As the new paper highlighted, hashing has been used as a tool to protect personal data for some time, but there have been doubts about the circumstances in which hashing can truly be said to have pseudonymised or even fully anonymised the underlying data. The EDPS and AEPD have tried to clarify those circumstances in their paper.

The issue matters because data protection law does not apply to truly anonymised data. EU data protection authorities have previously confirmed that, for personal data to be rendered anonymous, it "must be processed in such a way that it can no longer be used to identify a natural person by using 'all the means likely reasonably to be used' by either the controller or a third party".

The General Data Protection Regulation also now acknowledges pseudonymisation as an option for helping businesses meet their obligations on data security.

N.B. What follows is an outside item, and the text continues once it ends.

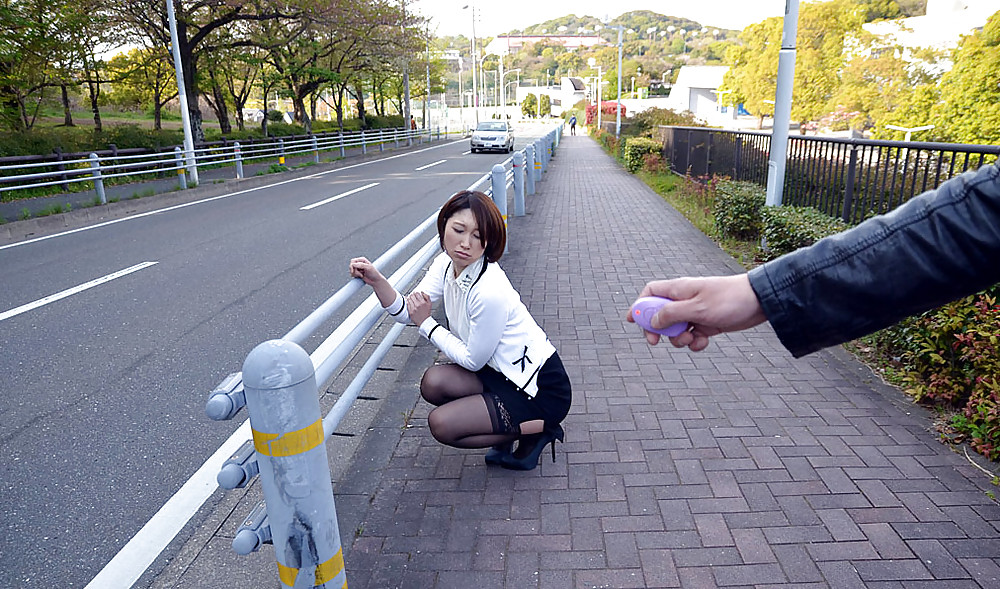 公衆の面前でフラッシュする日本の主婦
 #18587438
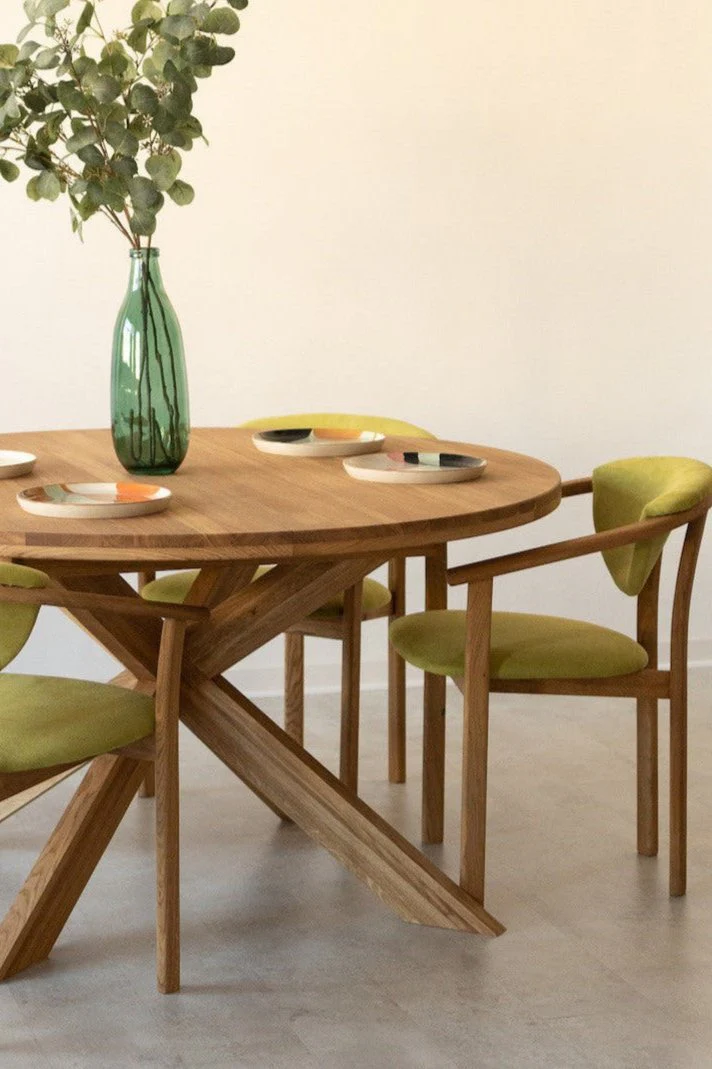 Set van 2 of 4 Alexis eetkamerstoelen, frame van massief eiken, bekleding in levend groen | NordicStory - Image 9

With that legal context in mind, the EDPS and AEPD paper is of particular relevance to businesses using new technologies such as geolocalisation and blockchain that rely on hashes.

According to the authorities, hashing functions aspire to be irreversible, but the order that is implicit in the hashing process and that makes it a unique identifier presents a higher risk that the original message could be re-identified through an analysis of the hash.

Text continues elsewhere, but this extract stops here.